Everything from the line containing "dining area featuring a" to the last line of the records must be returned verbatim; nothing else belongs in the output.

----------

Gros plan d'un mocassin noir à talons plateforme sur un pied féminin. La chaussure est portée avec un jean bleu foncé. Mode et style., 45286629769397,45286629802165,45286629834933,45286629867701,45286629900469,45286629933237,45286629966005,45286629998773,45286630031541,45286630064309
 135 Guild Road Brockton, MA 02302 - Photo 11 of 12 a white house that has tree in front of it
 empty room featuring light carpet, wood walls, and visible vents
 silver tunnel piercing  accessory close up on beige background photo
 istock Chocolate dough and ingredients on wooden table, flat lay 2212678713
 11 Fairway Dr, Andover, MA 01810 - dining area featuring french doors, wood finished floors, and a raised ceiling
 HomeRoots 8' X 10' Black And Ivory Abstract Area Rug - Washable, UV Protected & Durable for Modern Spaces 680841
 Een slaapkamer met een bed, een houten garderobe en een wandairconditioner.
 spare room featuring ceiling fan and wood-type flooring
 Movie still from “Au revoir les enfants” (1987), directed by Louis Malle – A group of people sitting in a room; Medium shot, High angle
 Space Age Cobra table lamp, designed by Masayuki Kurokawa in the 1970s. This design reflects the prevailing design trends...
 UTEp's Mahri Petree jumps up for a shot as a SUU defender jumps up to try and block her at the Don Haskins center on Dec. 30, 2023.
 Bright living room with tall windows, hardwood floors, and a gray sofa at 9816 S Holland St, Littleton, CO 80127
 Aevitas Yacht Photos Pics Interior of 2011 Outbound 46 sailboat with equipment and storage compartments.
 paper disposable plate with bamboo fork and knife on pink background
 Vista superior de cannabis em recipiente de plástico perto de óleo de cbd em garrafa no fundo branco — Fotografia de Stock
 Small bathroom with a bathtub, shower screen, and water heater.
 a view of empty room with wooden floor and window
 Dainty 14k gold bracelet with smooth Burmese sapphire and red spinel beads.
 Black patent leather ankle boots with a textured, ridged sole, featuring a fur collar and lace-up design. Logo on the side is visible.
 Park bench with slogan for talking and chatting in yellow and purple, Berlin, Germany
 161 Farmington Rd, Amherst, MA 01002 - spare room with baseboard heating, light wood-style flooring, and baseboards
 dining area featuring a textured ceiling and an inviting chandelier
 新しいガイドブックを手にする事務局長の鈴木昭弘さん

----------

**Solution to this exercise**
 dining area featuring a textured ceiling and an inviting chandelier
 新しいガイドブックを手にする事務局長の鈴木昭弘さん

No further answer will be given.